Records for processing:

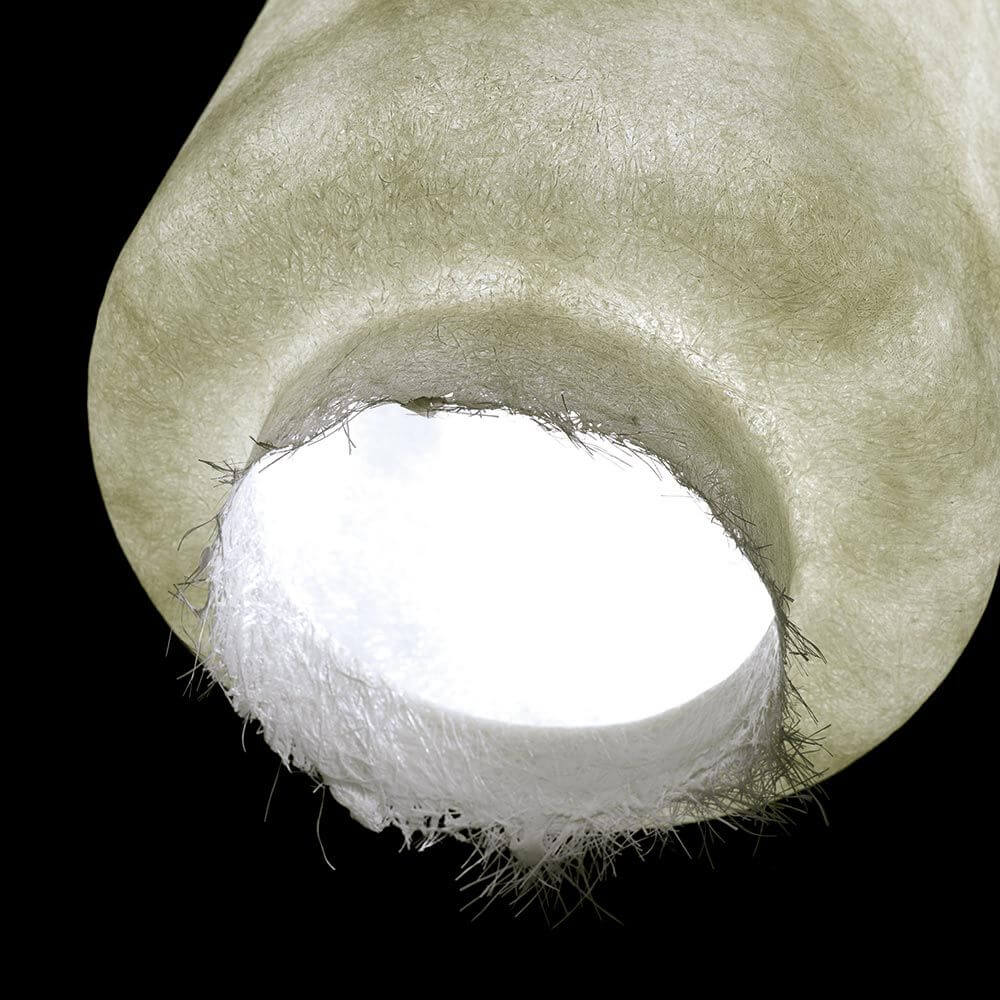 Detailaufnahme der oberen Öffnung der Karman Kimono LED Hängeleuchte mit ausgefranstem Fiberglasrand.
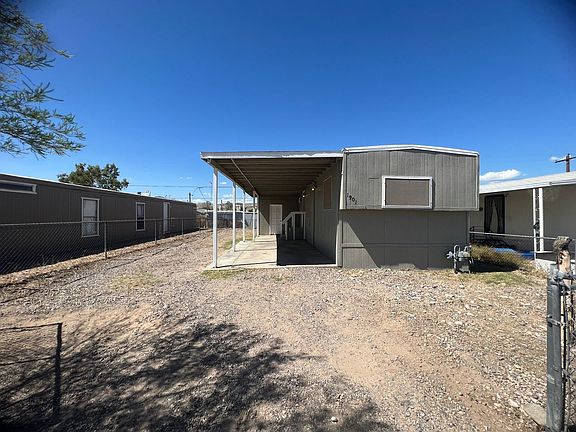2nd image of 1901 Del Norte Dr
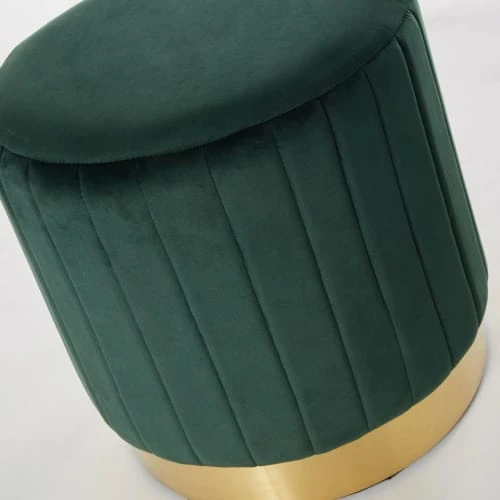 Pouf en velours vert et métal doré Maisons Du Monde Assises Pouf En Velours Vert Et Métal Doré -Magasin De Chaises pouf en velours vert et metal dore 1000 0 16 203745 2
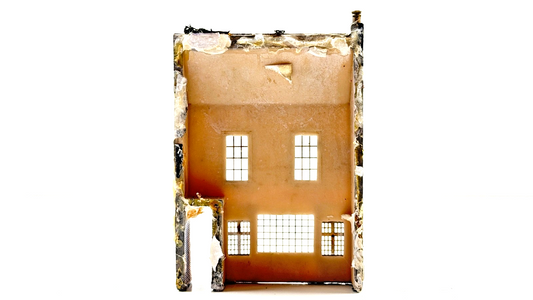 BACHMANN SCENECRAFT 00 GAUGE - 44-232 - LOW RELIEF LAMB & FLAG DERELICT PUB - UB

* * *

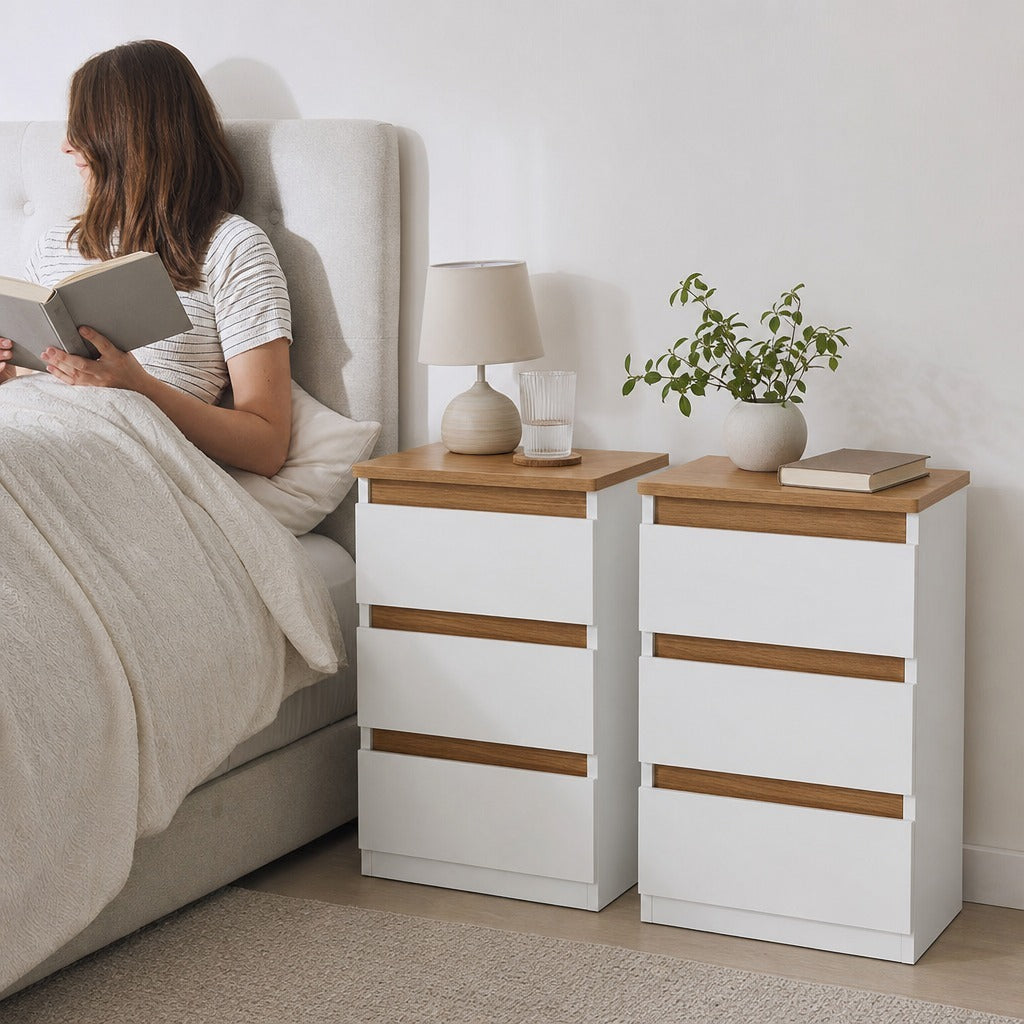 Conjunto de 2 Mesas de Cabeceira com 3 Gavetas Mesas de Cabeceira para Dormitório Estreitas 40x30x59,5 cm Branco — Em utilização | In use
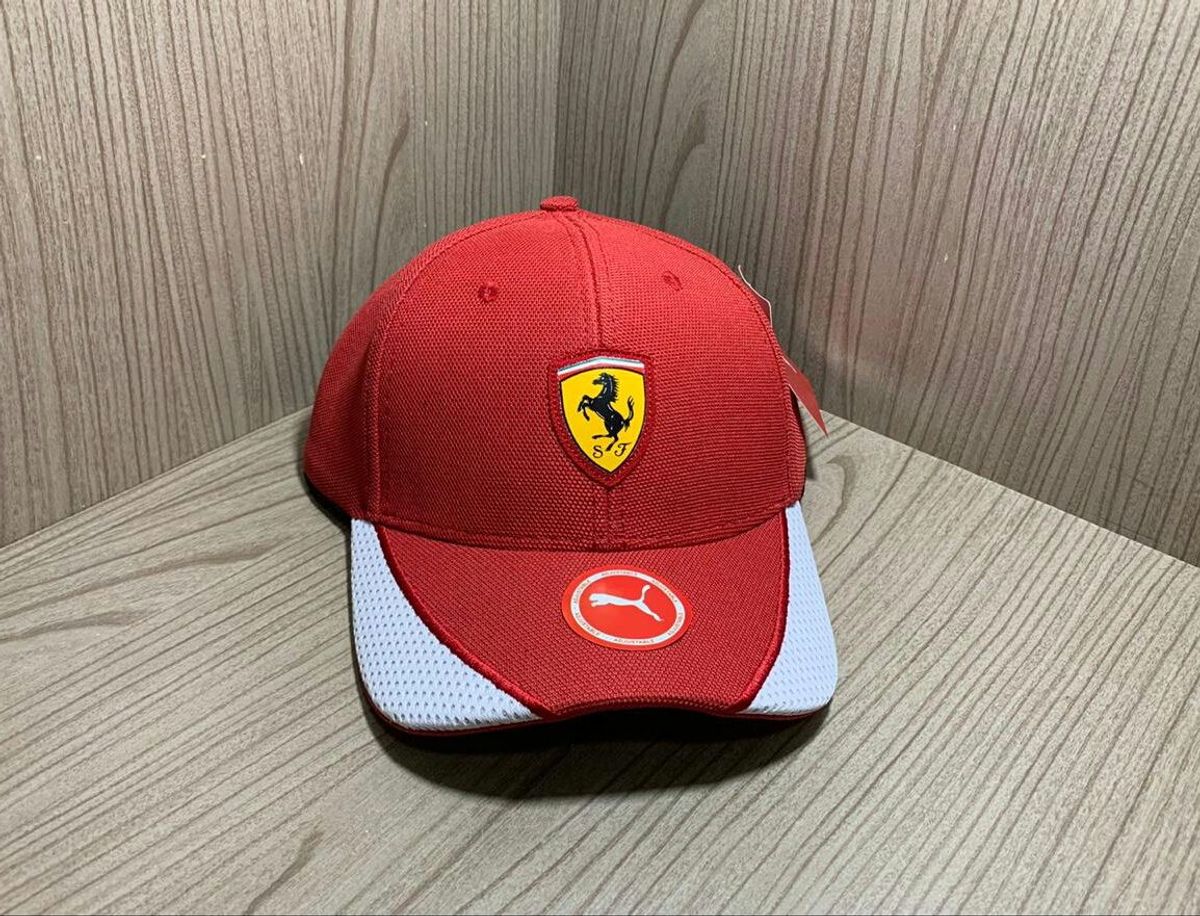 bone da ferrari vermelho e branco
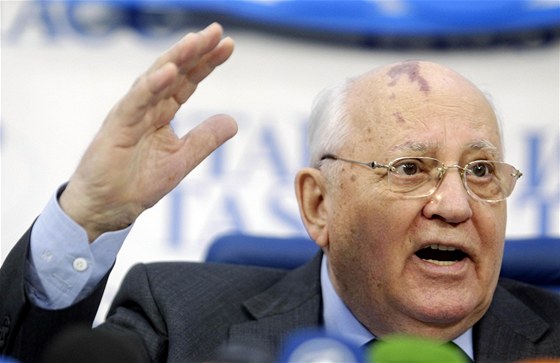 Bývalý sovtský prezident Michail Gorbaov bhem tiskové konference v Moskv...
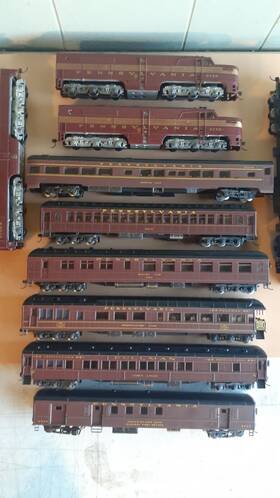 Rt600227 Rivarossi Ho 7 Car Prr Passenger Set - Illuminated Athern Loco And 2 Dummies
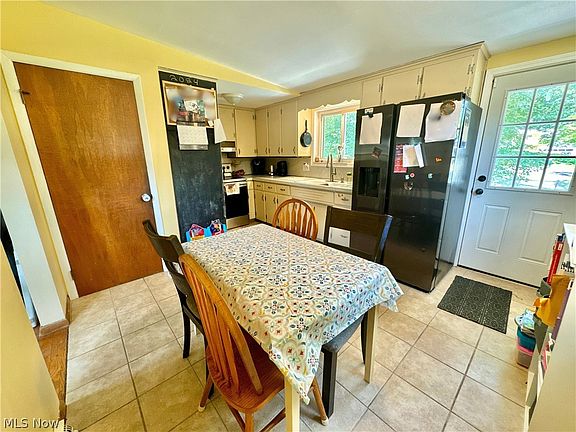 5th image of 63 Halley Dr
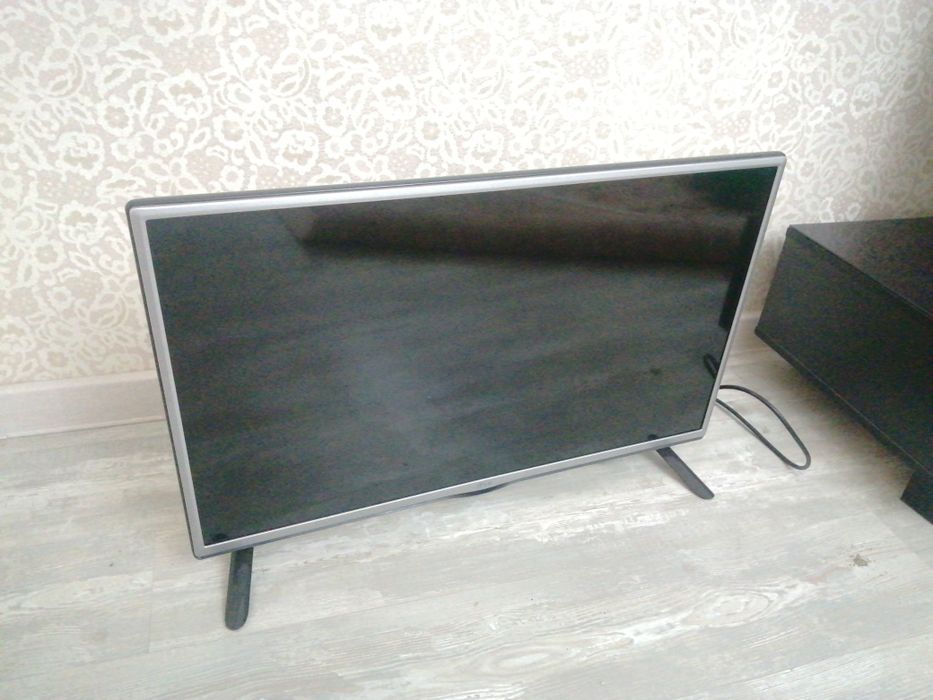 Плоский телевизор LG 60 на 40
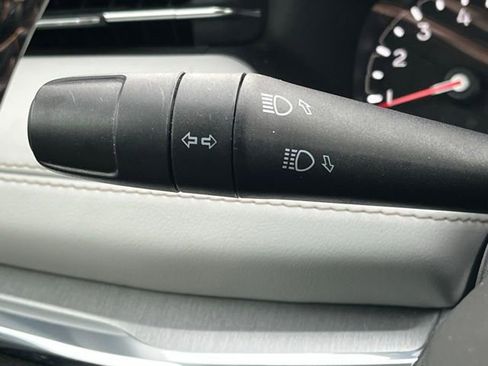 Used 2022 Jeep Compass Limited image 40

==

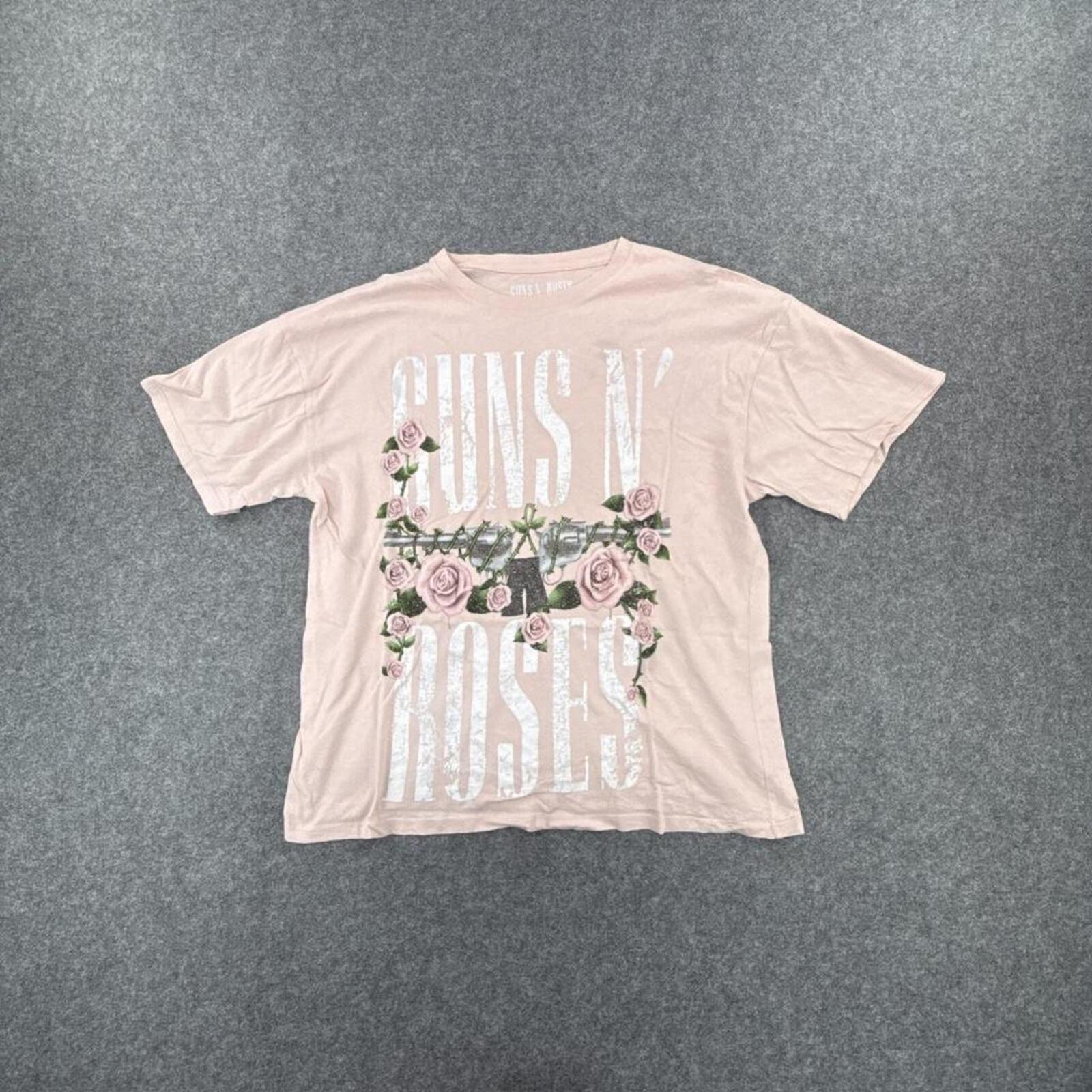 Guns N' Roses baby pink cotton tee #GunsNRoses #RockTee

Work required: In the data above, find the line containing "bone da ferrari vermelho e branco" and the line containing "Used 2022 Jeep Compass Limited image 40". Copy exactly the stretch from the first through the second, both included, leaving out any picture.

Solution for this exercise:
 bone da ferrari vermelho e branco
 Bývalý sovtský prezident Michail Gorbaov bhem tiskové konference v Moskv...
 Rt600227 Rivarossi Ho 7 Car Prr Passenger Set - Illuminated Athern Loco And 2 Dummies
 5th image of 63 Halley Dr
 Плоский телевизор LG 60 на 40
 Used 2022 Jeep Compass Limited image 40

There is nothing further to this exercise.